Your assignment:
Once the line holding "Chamaripa Height Increasing" is found in the entries below, transcribe exactly every line up to and including the one holding "Louis Vuitton Black", but leave out the pictures.
Material supplied START
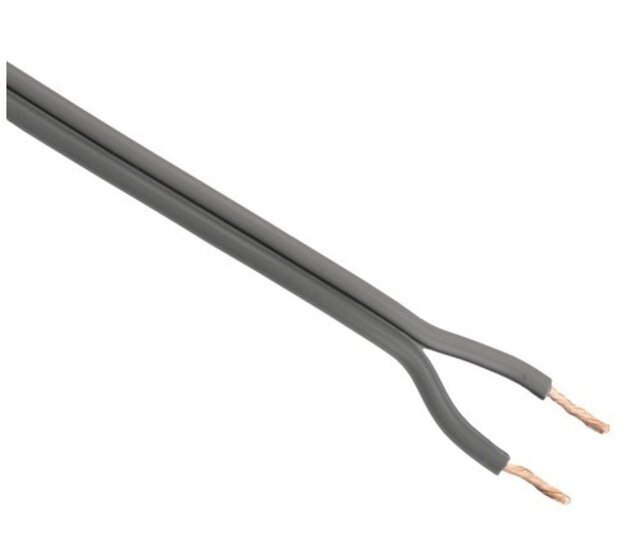 2-poliges LED-Streifen Anschlusskabel YZWL 2x0,75mm², 1 m, Grau – Robuste Verbindung für einfarbige LED-Streifen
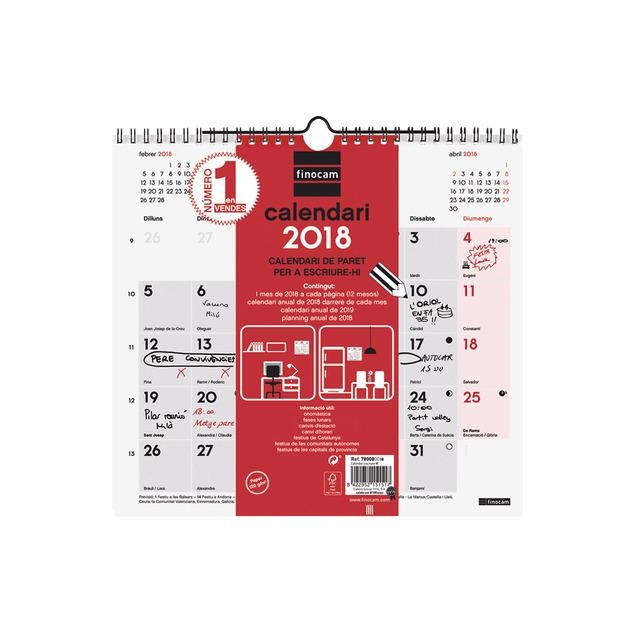 CALENDARI PARET ESCRUIURE M 2018 CAT | 8422952151517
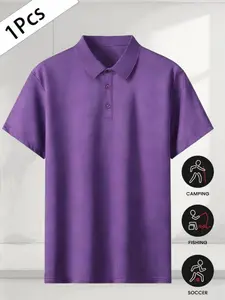 Men's Summer Plain Fitted Polo Shirt Short Sleeve, Casual & Outdoor Functional Top, Sun Protection, Moisture Wicking, Breathable, Versatile for Commuting, Camping, Sports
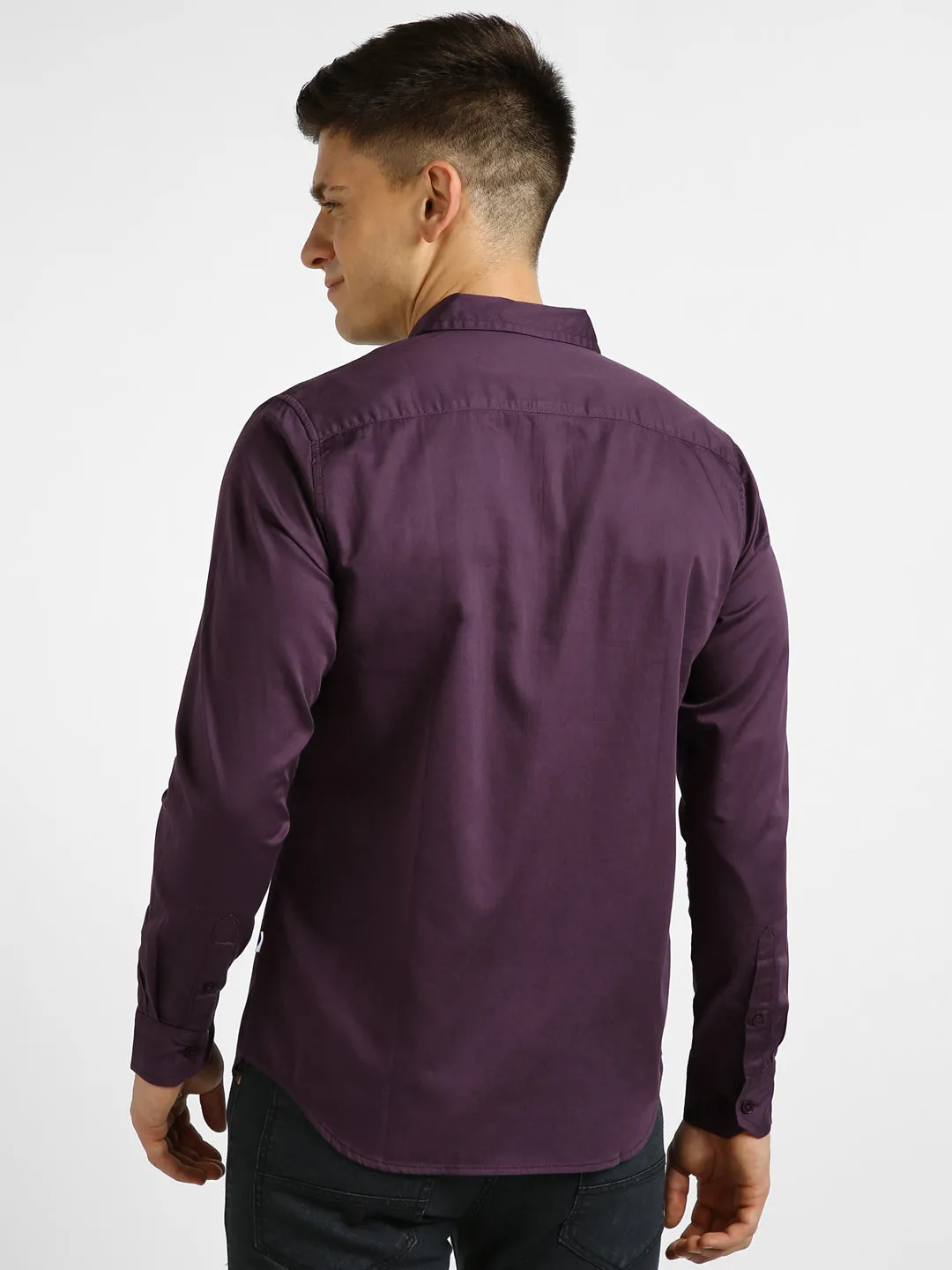 Men's Purple Cotton Full Sleeve Slim Fit Casual Solid Shirt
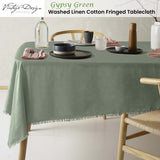 Darrahopens Home & Garden > Kitchenware > Table Linen & Kitchen Towels Vintage Design Homewares Gypsy Green Fringed Washed Linen Cotton Tablecloth 130cm x 180cm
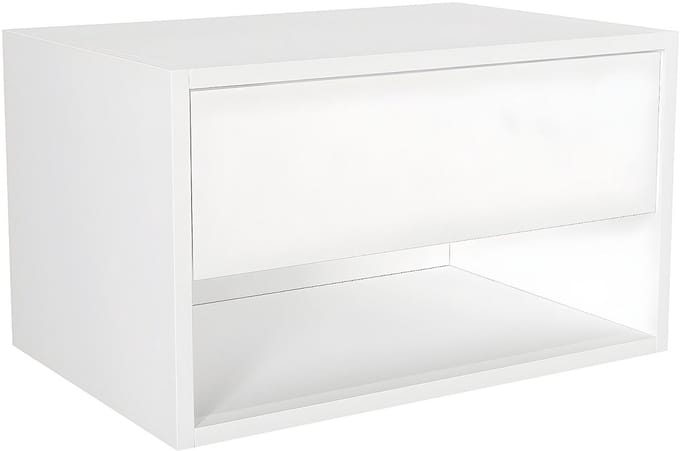 Vente-unique Hangend nachtkastje - 1 lade en 1 nis - Wit - RITAMI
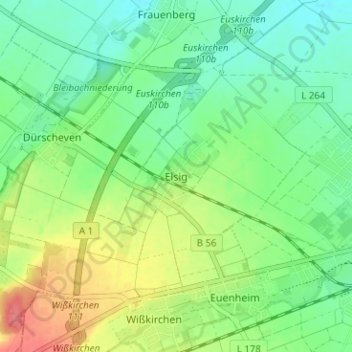 Topografische kaart Elsig, hoogte, reliëf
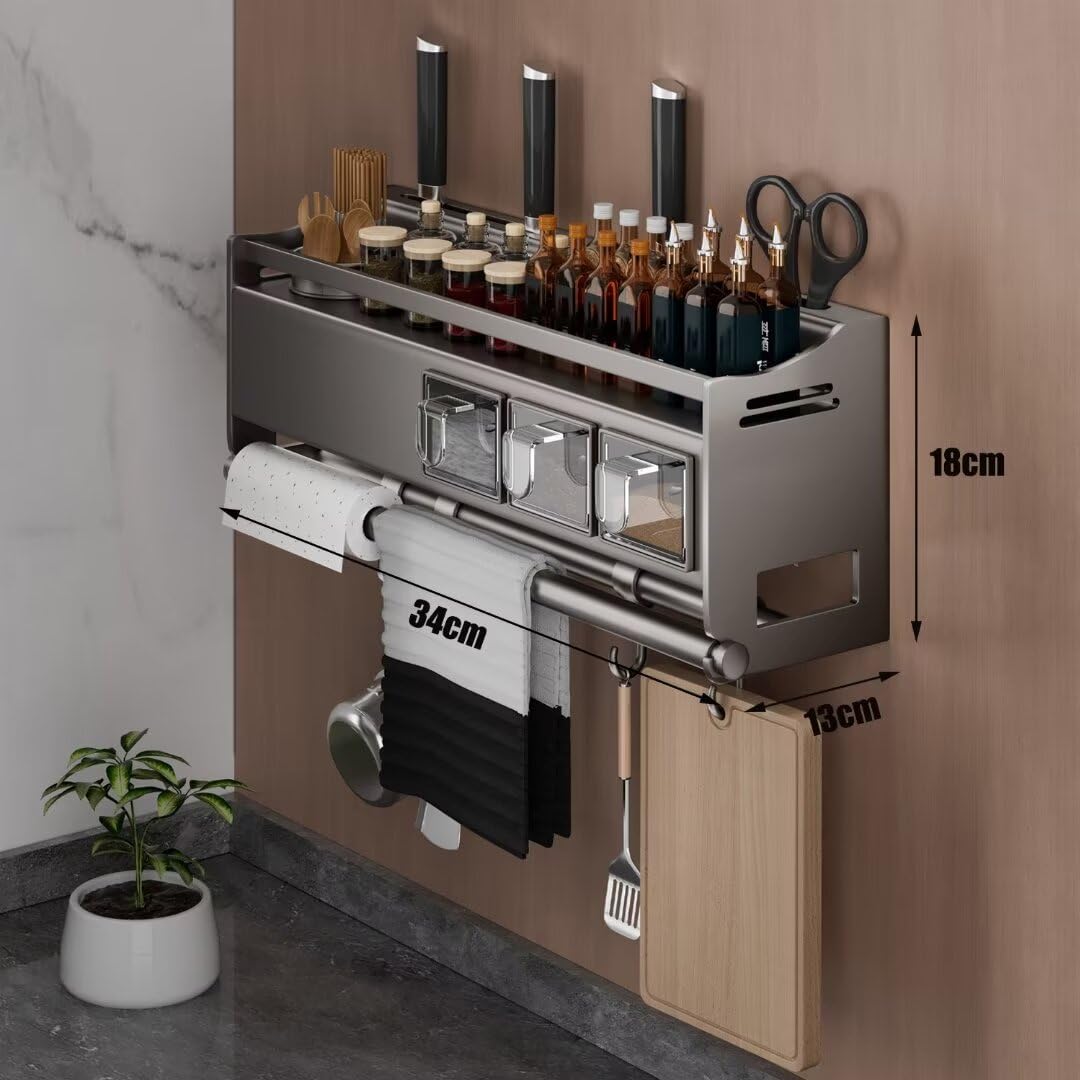 Stojak ścienny na przyprawy Półki kuchenne z uchwytem na ręczniki papierowe i haczykami na przyprawy przyprawy oszczędzający miejsce design szefowie kuchni domowej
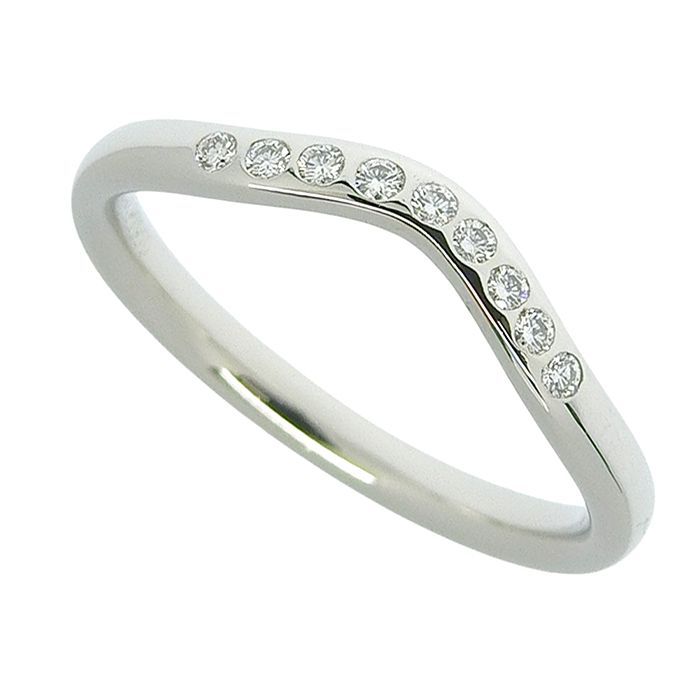 美品★ティファニー カーブド ダイヤモンド バンド リング 14号　PT950 TIFFANY & Co. ティファニー カーブドバンド ダイヤ リング Pt950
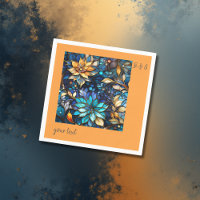 Blue & Gold Floral Stained Glass Elegant wedding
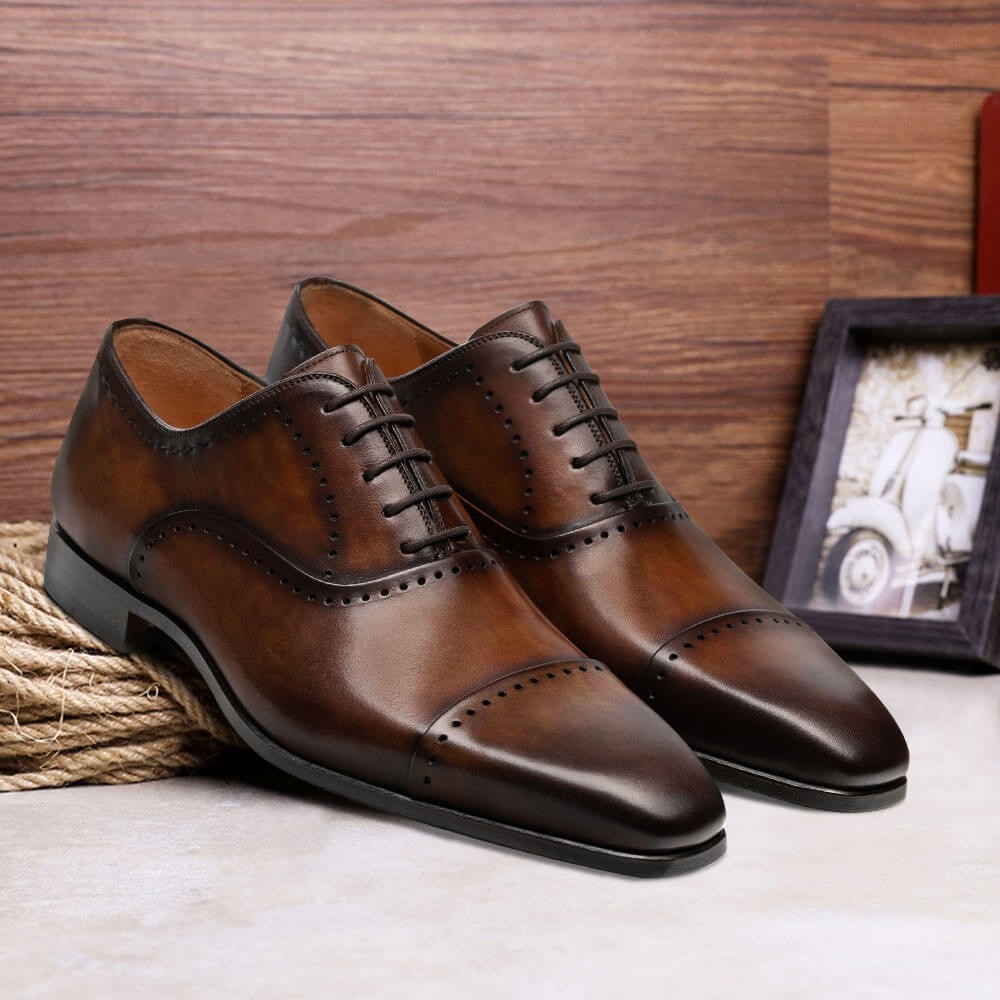 Chamaripa Height Increasing Shoes for Men Brown Calfskin Leather Oxford ...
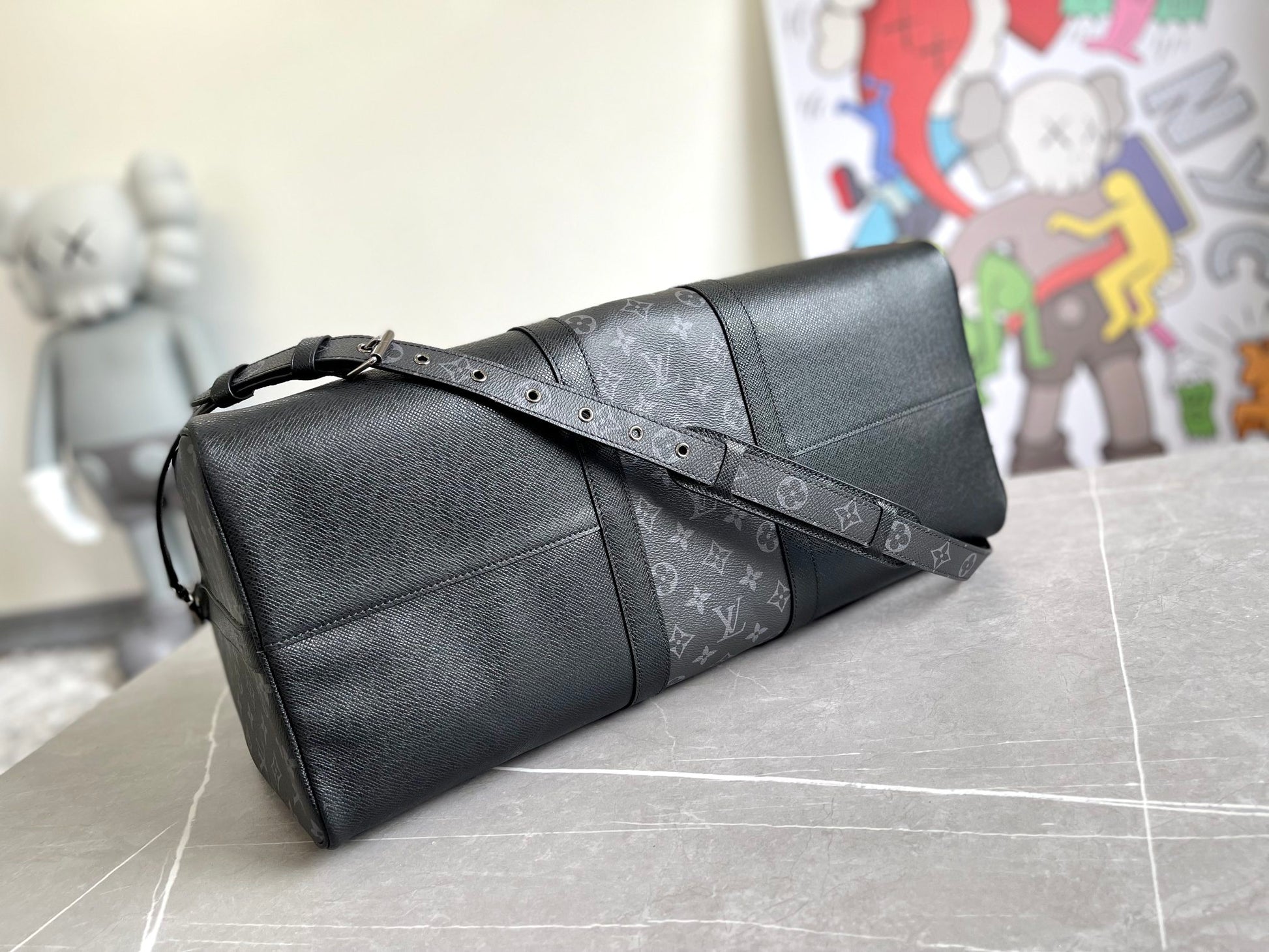 Louis Vuitton Black Monogram Embossed Leather Weekender Travel Duffle Bag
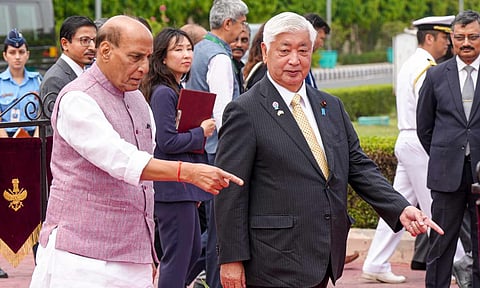 Defence Minister Rajnath Singh with his Japanese counterpart Gen Nakatani during the latter's ceremonial reception, at the Manekshaw Centre in New Delhi, Monday, May 5, 2025 (PTI) 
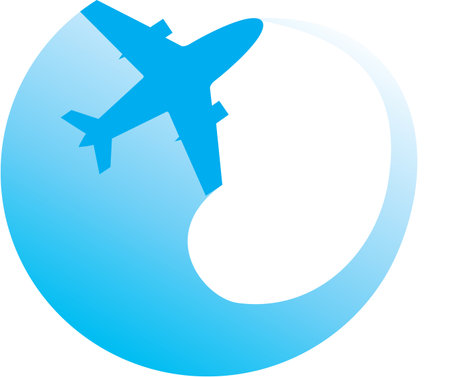 vector image of white silhouette of jet airplaneのイラスト素材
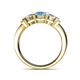 4 - Raea Blue Topaz and Diamond Three Stone Engagement Ring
Material supplied END
Solution for this problem:
 Chamaripa Height Increasing Shoes for Men Brown Calfskin Leather Oxford ...
 Louis Vuitton Black Monogram Embossed Leather Weekender Travel Duffle Bag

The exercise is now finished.